### PROBLEM DESCRIPTION
Although the records contain pictures, the copy must not; reproduce everything else in them exactly.

### TASK INPUT
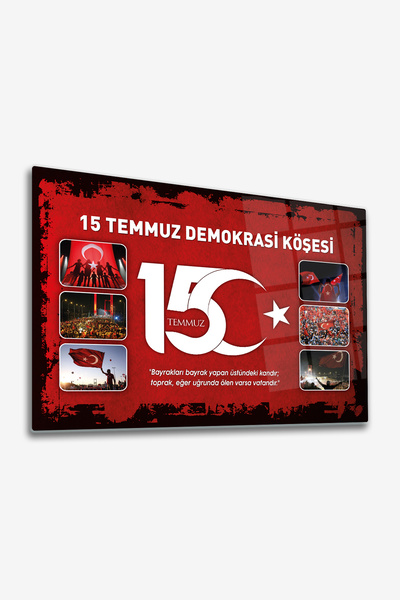 Decorita Cam Tablo | 15 Temmuz Demokrasi Köşesi | Kırmızı  Fon | 50cm x 70cm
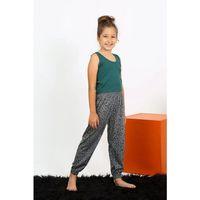 Kız Çocuk Sıfır Kol Zümrüt Yeşili Penye Pijama Takım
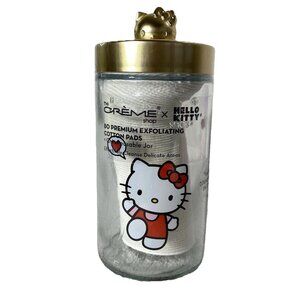 The CREME Shop X HELLO KITTY 80 Exfoliating Cotton Pads In Reusable Glass Jar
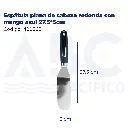 Espátula plana de cabeza redonda con mango azul 27.5*5cm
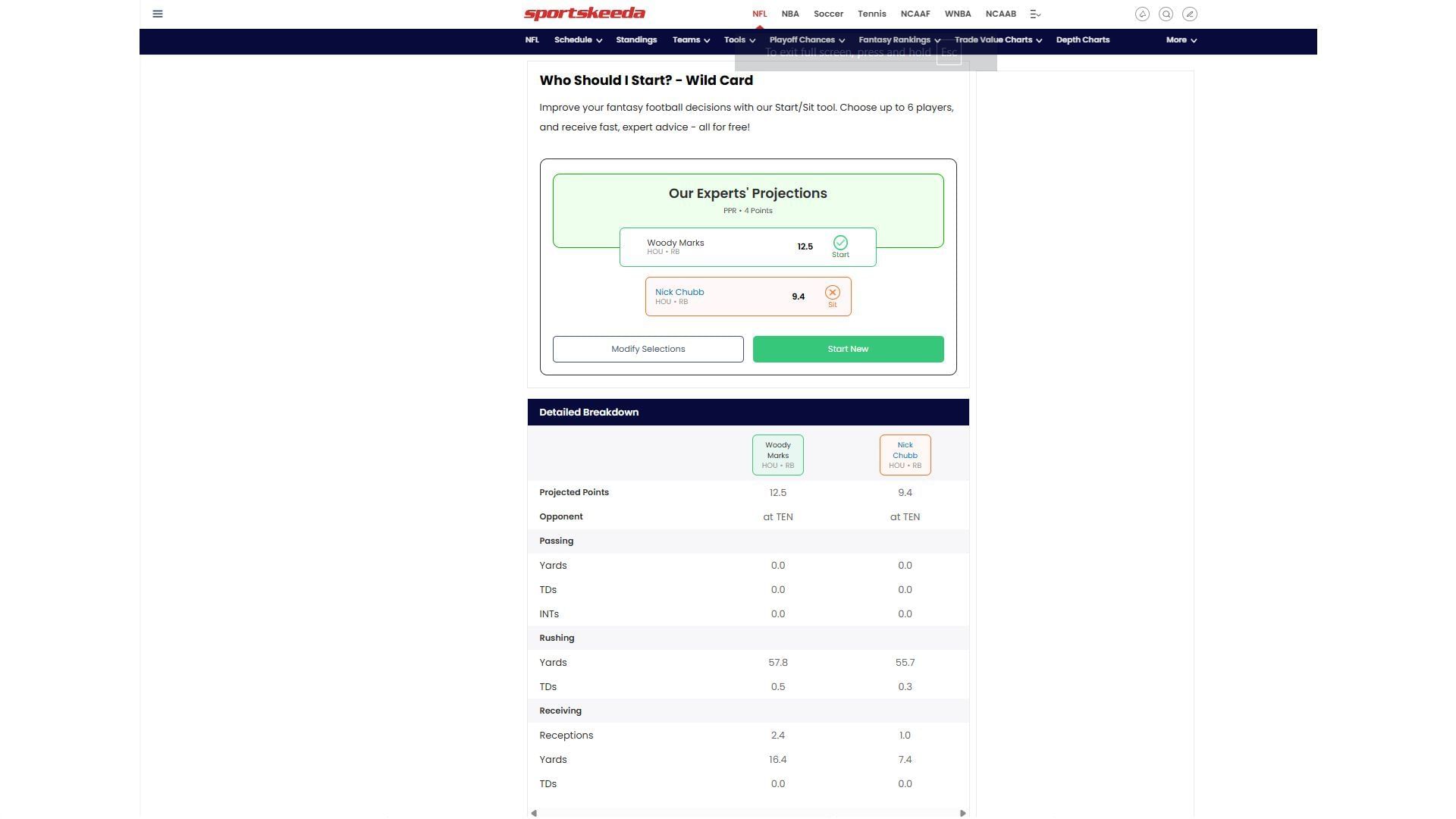 Woody Marks vs Nick Chubb - Sportskeeda&#039;s Who Should I Start Tool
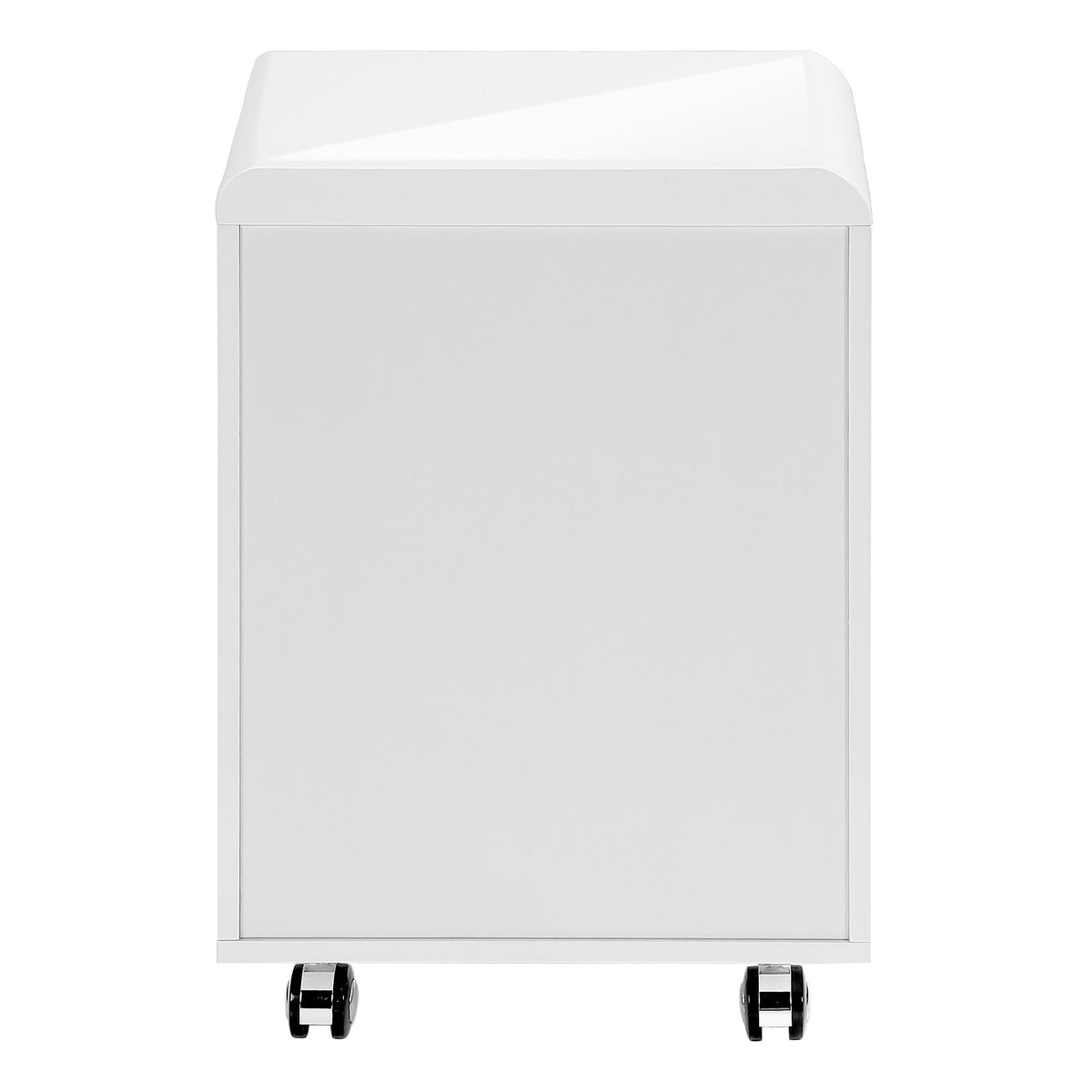 Modern Rolling File Cabinet with Storage Drawers & Printer Stand – Glossy White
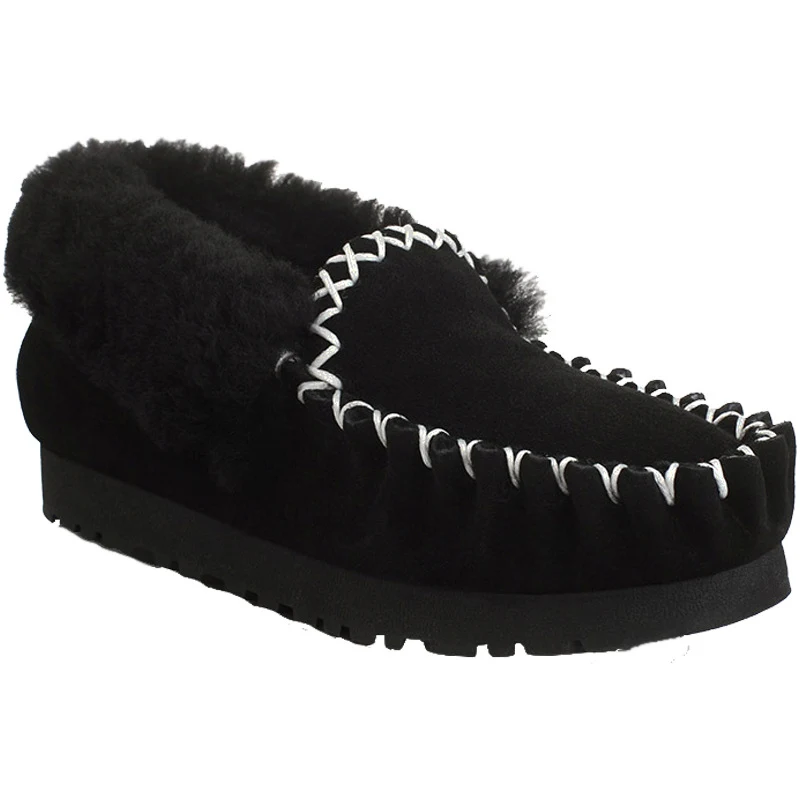 Herfst- en winter fleece gevoerde loafers voor dames, platte schoenen voor buiten. Warme, comfortabele dames flats voor koude dagen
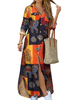Maxikleider Langarm Gelb Plaid Bedrucktes Turndown-Halsband Polyester Bodenlanges Kleid
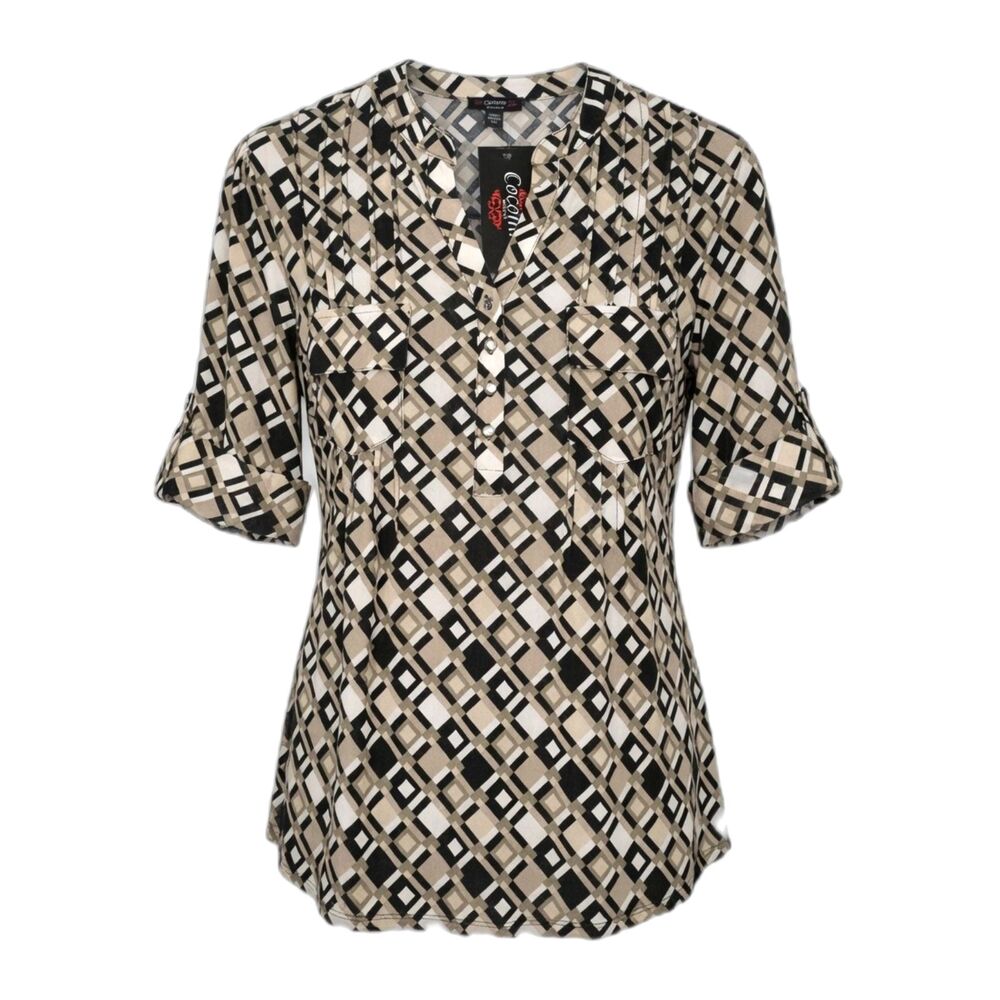 Cocomo Women's Plus Size 2X Black & Beige Geo Print Pintuck Short Sleeve Top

### RESULT OF THIS EXERCISE
 Decorita Cam Tablo | 15 Temmuz Demokrasi Köşesi | Kırmızı  Fon | 50cm x 70cm
 Kız Çocuk Sıfır Kol Zümrüt Yeşili Penye Pijama Takım
 The CREME Shop X HELLO KITTY 80 Exfoliating Cotton Pads In Reusable Glass Jar
 Espátula plana de cabeza redonda con mango azul 27.5*5cm
 Woody Marks vs Nick Chubb - Sportskeeda&#039;s Who Should I Start Tool
 Modern Rolling File Cabinet with Storage Drawers & Printer Stand – Glossy White
 Herfst- en winter fleece gevoerde loafers voor dames, platte schoenen voor buiten. Warme, comfortabele dames flats voor koude dagen
Maxikleider Langarm Gelb Plaid Bedrucktes Turndown-Halsband Polyester Bodenlanges Kleid
 Cocomo Women's Plus Size 2X Black & Beige Geo Print Pintuck Short Sleeve Top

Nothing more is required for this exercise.